I am working on a web scraping problem in Ruby. I have seen multiple questions and answers related to this but in none I have seen HTML that include some JavaScript framework in it and I cannot figure out how to do it. I just want to select the HTML and return an array of objects. The following is my script and the HTML code. The HTML classes of the values like name, currency, balance are similar and the question of how can it be done?
content = document.css("div.acc-list").map do |parameters|
name = parameters.at_css("p.s3.bold.row.acDesc").text.strip, # argument?
currency = parameters.at_css(".row.ccy").text.strip, # argument?
balance = parameters.at_css(".row.acyOpeningBal").text.strip # argument?

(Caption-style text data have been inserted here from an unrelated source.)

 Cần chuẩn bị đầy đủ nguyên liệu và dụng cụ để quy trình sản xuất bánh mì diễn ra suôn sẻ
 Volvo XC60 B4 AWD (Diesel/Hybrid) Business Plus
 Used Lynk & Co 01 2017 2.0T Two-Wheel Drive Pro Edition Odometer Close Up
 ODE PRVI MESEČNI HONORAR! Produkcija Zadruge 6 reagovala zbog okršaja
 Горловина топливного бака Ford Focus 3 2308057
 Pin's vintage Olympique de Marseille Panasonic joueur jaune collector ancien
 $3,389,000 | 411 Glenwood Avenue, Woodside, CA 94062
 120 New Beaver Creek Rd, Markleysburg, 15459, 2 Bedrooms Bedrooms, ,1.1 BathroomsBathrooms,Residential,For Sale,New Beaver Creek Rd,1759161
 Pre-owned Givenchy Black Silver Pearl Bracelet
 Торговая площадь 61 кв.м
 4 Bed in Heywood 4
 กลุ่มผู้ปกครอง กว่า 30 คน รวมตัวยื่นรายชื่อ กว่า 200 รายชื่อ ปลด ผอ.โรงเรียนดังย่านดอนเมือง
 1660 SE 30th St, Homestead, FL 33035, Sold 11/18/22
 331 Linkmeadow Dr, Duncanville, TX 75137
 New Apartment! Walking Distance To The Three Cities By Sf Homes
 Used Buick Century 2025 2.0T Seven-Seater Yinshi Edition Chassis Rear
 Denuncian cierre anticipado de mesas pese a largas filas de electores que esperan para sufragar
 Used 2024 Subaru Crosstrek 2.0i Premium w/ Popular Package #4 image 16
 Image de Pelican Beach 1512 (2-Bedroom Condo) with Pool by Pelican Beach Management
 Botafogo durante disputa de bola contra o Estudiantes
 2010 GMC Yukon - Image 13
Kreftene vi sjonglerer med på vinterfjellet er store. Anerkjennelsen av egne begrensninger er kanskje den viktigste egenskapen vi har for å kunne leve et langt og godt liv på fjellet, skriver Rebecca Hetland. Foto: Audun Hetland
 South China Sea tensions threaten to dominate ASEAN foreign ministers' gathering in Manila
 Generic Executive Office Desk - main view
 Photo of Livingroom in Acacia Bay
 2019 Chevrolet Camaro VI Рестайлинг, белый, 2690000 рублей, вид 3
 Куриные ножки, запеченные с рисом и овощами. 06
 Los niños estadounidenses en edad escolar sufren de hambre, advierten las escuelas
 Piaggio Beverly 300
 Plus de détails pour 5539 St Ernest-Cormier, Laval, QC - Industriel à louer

Account.new name, currency, balance
end
pp content
These HTML paragraphs are inside multiple other classes which I think is due to the framework. However, they are inside a <div class = acc-list div>...</div> and I think I did correctly when I assigned "div.acc-list" to "content" variable.
<!-- HTML for name -->
<td bindonce="" ng-repeat="col in gridOptions.columns" sg-bind-html-compile="col.cellTemplate" bo-class="col.className" bo-style="{width: col.remWidth }"
class="ng-scope icon-two-line-col" style="width: 17.3333rem;">
<div style="width: 17.333333333333332rem" class="first-cell cellText ng-scope">
<i bo-class="{'active':row.selected }" class="i-32 active icon i-circle-account"></i>
<div class="info-wrapper" style="">
<p class="s3 bold" bo-bind="row.acDesc">Name_value</p> # value
<a ui-sref="app.layout.ACCOUNTS.DETAILS.{ID}({id:'091601003439274'})" href="/Bank/accounts/details/BG37FINV91503006938102">
<span bo-bind="row.iban">BG37FINV91503006938102</span>
<i class="i-arrow-right-5x8"></i>
</a>
</div>
</div>
</td>
<!-- HTML for currency -->
<td bindonce="" ng-repeat="col in gridOptions.columns" sg-bind-html-compile="col.cellTemplate" bo-class="col.className" bo-style="{width: col.remWidth }"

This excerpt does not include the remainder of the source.